— Это судьба, — не оборачиваясь, ответила Гонора.
— Судьба? Ты что, начала верить в судьбу? Или, может, ты стала последовательницей друидов?
— Я высказала тебе свое мнение.
— Тогда объясни мне, что ты понимаешь под словом «судьба»?
— Судьба связала их.
— Как отца и сына. Это я понимаю.
— Это не просто биология. Здесь все гораздо сложнее. Курт всегда пытался противостоять судьбе, а Александр — нет. Он знал, что рожден для того, чтобы стать Немезидой для Курта.
— Судьба, Немезида, — фыркнула Джоселин, — бред какой-то.
— Помнишь, я рассказывала тебе, что Александр приехал в Марракеш с единственной целью — разлучить нас.
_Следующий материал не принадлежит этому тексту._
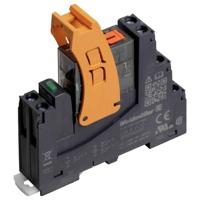 Weidmüller CRIKIT S 24VAC 1CO L/PB Koppelrelais 24 V/AC 16 A 1x wisselcontact 10 stuk(s) - thumbnail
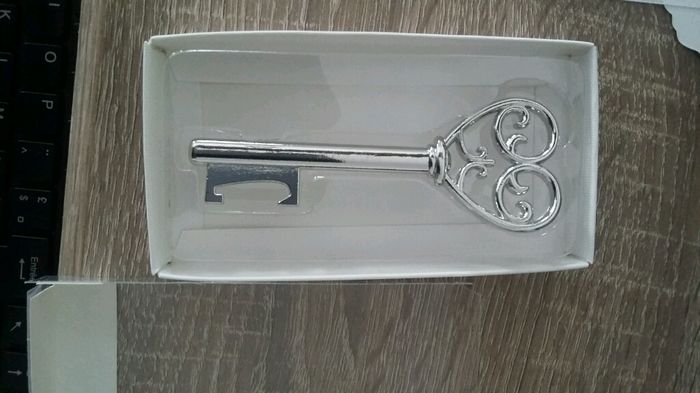 Cadeau invité  homme reçu - 2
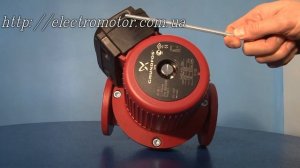 Циркуляционный насос Grundfos UPS 40-185F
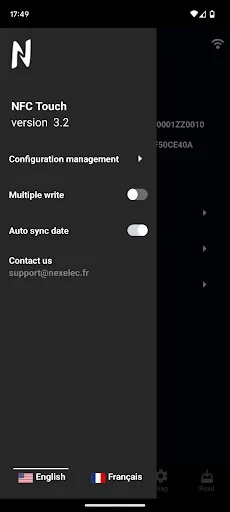 TOUCH screenshot 4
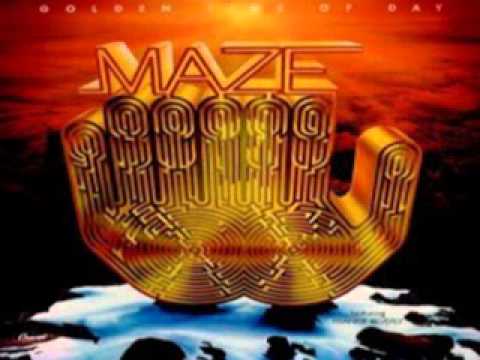 Youtube: Maze featuring Frankie Beverly ~ Golden Time Of Day "1978" R&B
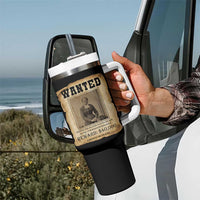 Harriet Tubman Wanted Reward Poster Tumbler With Handle Freedom Or Death - Wonder Print Shop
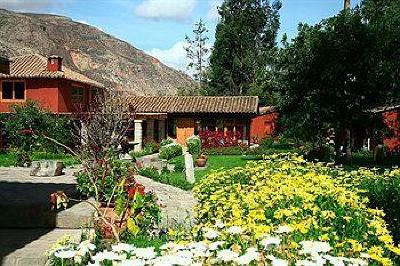 фото отеля San Agustin Urubamba Hotel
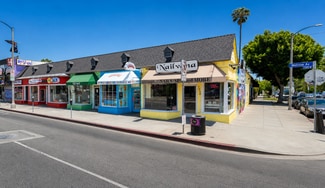 Plus de détails pour 7320-7326 Melrose Ave, Los Angeles, CA - Commerce de détail à vendre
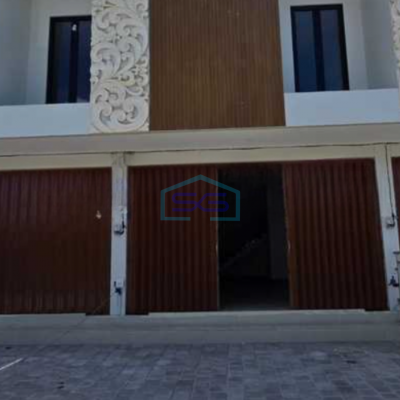 Disewakan Ruko 2 Lantai Luas Bangunan 123 m² Lokasi Denpasar Bali
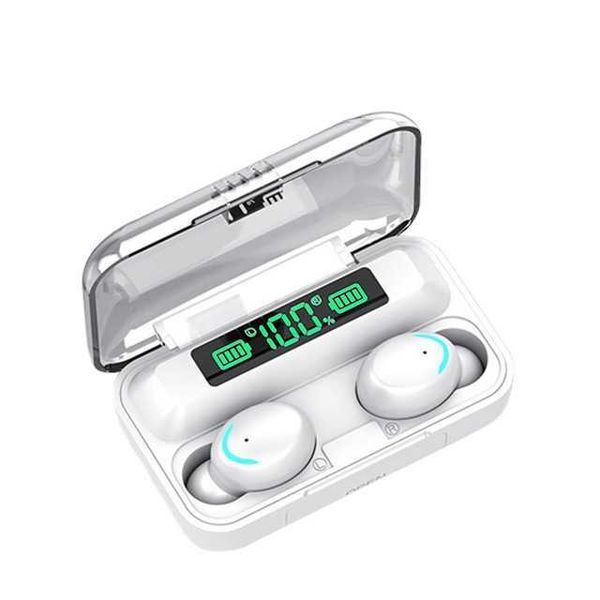 

bluetooth headset sport digital display touch in headset f9-5c bluetooth headset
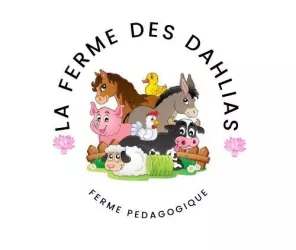 ©LA FERME DES DAHLIAS 72160 LA CHAPELLE ST REMY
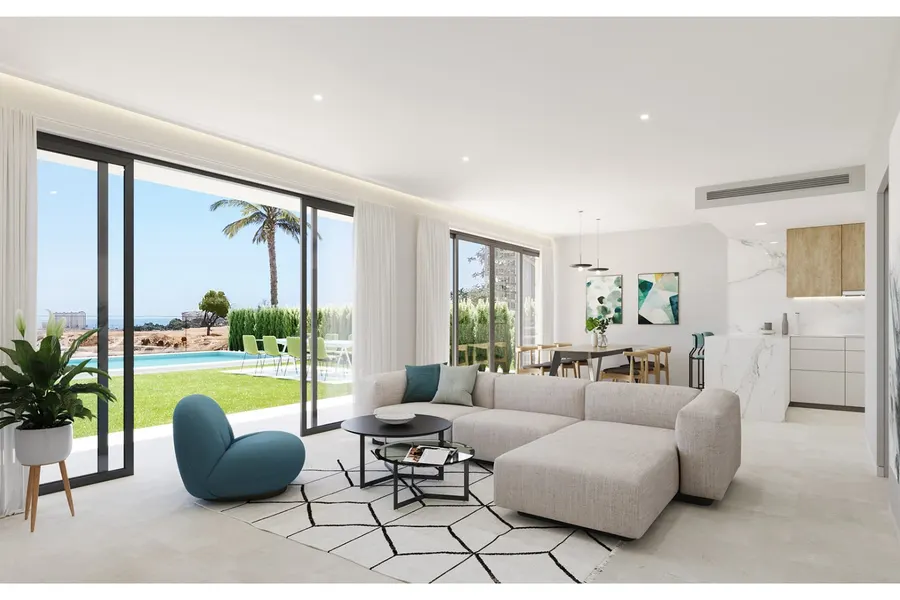 Villa 4+kk — Alicante — Foto 4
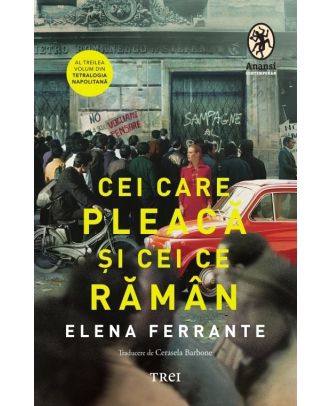 Cei care pleacă și cei ce rămân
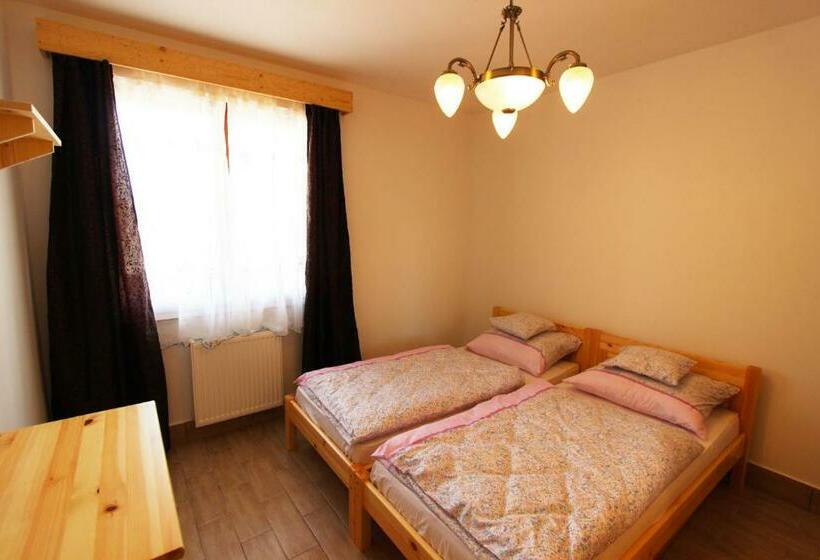 آپارتمان 2 خوابه, Gesztenyés Vendégház
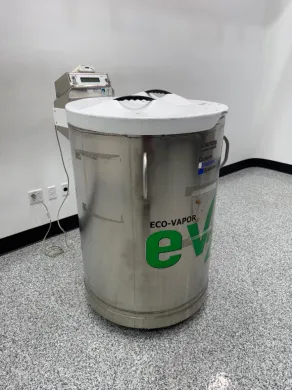 Custom Biogenics Systems CBS ECO-Vapor EV-22 Cryogenic Storage System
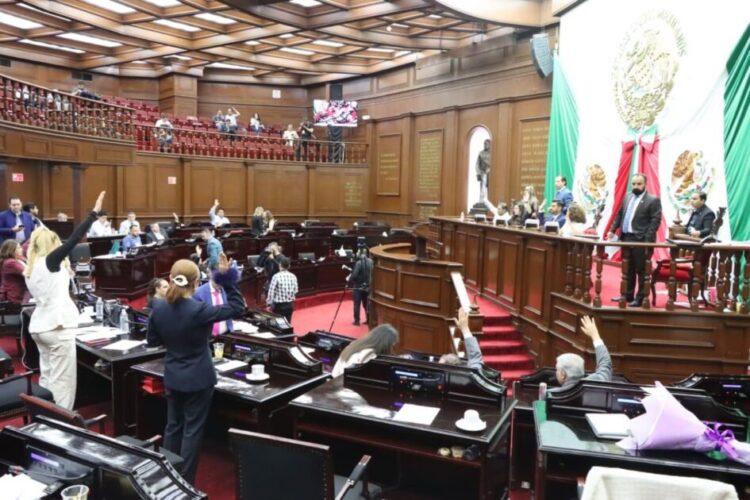 Congreso del Estado otorga autonomía a los órganos electorales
У меня тогда создалось впечатление, что он действовал вопреки своей воле. Ты же сама мне говорила, что он всегда пытался отобрать любой контракт у компании «Айвари». А затем эти слушания…
— Здесь может быть простое совпадение.
— Ничего подобного. Курт был уверен, что за всем этим стоит Александр.
— Да, я знаю, но в последнее время Курт очень нервничал и был совершенно измотан. Возможно, ему все это показалось. Какой дурак будет организовывать подобные слушания, понимая, что в любой момент все может обернуться против него самого. Компания «Талботт» вовсе не такая безгрешная, как это пытался представить Александр. Так что мне непонятна твоя теория судьбы-Немезиды.
— Я часто думала, почему Кристал сказала Александру, кто его отец, и пришла к выводу, что это было сделано неспроста. Она открыла тайну, и колесо судьбы завертелось…
Гонора замолчала. В комнату вошел невысокого роста, похожий на подростка человек, снял с крючка в телефонной будке красный пиджак и, бросив беглый взгляд на сестер, исчез.
Джоселин попыталась продолжить разговор, но Гонора молча указала ей на табло: «Не шуметь. Никаких посетителей с 12 ночи до 7 утра».
Джоселин провела ночь, растянувшись на жесткой кушетке в приемной, размышляя над теорией Гоноры, которая так и не сомкнула глаз, сидя в неудобном больничном кресле.
В начале восьмого, когда за окном забрезжил серый рассвет, в приемную вошла сестра и пригласила Гонору пройти к мужу.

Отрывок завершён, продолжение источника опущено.